4. Bölüm

3. Bölüm (Düzenlendi)

Asel Demirhan
demirhan_asel

 

 

 

Bir yanım seni unutmak isterken diğer yanım varlığınla yaşıyordu.

 

 

 

Acı…

Bir adamın çektiği en büyük acı neydi?

En çok ne için acı çekerdi bir adam?

Bir ihaleyi kaybettiği için mi? Yoksa bir arkadaşı ona ihanet ettiğinde mi?

Hiç biriydi…

Bir adamın en büyük acısı sevdiklerinin canı yanmasıydı.

Genç adamın canı ise karısına kötü bir şey olduğunda yanardı.

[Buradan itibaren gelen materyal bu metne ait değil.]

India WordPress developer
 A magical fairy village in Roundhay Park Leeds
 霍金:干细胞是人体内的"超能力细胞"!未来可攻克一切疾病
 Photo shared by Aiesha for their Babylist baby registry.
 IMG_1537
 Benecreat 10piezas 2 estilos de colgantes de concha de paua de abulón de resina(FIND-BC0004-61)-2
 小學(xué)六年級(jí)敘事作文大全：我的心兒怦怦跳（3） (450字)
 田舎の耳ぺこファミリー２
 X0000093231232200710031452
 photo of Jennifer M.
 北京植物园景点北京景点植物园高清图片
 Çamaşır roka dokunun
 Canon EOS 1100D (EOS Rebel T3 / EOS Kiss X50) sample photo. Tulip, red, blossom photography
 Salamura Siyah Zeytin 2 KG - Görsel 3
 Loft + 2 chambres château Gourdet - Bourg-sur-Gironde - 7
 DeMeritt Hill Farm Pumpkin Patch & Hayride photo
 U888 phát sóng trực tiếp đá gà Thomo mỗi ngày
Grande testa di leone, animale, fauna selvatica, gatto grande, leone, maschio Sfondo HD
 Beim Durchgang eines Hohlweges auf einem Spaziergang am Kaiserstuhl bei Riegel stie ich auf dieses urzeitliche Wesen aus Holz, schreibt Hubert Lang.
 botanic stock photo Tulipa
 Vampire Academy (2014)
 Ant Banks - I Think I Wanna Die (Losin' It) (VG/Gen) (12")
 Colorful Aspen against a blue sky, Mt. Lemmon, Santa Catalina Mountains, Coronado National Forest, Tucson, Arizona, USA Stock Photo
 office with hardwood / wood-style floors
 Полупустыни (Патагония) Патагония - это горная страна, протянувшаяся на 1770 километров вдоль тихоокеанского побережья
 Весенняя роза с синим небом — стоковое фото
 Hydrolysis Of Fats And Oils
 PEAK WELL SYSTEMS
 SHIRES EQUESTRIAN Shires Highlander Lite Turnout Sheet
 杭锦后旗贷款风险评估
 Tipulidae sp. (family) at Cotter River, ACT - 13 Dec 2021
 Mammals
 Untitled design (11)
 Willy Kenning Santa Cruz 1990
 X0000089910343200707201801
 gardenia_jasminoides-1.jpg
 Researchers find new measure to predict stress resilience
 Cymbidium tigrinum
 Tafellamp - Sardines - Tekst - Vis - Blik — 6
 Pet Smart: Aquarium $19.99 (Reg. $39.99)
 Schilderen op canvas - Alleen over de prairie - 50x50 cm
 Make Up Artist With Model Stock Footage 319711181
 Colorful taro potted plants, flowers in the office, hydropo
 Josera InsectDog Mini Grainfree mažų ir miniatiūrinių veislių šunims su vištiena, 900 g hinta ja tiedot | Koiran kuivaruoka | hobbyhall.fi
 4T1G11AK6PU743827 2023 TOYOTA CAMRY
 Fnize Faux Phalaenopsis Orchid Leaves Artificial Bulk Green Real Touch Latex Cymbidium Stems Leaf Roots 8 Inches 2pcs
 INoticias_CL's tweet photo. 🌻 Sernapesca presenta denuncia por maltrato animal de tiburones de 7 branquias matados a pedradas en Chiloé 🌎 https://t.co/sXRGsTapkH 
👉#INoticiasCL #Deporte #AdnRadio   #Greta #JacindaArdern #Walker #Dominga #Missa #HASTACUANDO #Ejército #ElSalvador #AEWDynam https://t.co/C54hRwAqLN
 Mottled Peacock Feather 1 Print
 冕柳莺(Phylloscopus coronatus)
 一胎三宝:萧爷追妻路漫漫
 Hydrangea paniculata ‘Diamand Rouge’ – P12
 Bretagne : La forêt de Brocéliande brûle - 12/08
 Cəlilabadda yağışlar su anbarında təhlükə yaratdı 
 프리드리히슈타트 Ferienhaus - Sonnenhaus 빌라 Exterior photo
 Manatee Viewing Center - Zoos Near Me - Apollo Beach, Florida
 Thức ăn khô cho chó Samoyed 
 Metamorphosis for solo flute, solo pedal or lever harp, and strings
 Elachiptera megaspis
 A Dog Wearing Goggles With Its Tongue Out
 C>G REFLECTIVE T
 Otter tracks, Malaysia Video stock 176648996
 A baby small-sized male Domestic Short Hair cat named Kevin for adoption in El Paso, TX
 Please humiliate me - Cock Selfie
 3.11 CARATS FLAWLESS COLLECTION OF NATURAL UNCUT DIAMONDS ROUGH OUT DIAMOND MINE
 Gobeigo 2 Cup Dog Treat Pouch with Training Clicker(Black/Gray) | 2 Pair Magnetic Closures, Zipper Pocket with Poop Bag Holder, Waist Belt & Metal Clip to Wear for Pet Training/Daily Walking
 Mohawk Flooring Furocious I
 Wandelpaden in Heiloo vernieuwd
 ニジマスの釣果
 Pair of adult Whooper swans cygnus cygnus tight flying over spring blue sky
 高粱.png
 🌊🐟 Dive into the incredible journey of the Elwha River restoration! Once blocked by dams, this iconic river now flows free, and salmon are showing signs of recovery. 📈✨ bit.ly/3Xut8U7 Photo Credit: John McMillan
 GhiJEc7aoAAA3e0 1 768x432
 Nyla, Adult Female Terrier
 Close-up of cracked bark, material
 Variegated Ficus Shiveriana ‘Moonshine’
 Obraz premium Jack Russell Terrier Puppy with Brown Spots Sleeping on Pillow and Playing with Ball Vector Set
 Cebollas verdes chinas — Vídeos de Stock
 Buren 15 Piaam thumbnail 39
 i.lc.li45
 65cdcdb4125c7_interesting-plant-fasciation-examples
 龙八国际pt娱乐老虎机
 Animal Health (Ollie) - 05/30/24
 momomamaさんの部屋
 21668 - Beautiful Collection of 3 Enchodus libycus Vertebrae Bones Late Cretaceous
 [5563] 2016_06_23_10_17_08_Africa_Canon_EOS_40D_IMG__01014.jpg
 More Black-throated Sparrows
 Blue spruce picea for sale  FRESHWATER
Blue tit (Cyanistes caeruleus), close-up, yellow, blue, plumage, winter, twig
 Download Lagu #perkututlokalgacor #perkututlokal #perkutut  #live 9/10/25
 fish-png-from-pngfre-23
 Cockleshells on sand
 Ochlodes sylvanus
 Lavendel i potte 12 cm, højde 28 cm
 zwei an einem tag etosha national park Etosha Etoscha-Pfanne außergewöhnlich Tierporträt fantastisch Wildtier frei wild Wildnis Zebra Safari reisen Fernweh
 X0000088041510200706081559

Yedi yıl neredeyse olmuştu genç çift evleneli. Hatta oğulları Ömer Ali altı yaşına girecekti evlilik yıldönümlerinde. Ve genç adam yedi yıl sonra en büyük acının ne olduğunu öğrendi.

Barkın Yıldıray. Kendisi oldukça güçlü bir iş adamıydı. Eskiden canını yakan tek şey şirketinde yaşanan sorunlardı. Şimdi ise asıl acının âşık olduğu kadının başına bir şey gelmesi, onu kaybetmesi olduğunu anlamıştı.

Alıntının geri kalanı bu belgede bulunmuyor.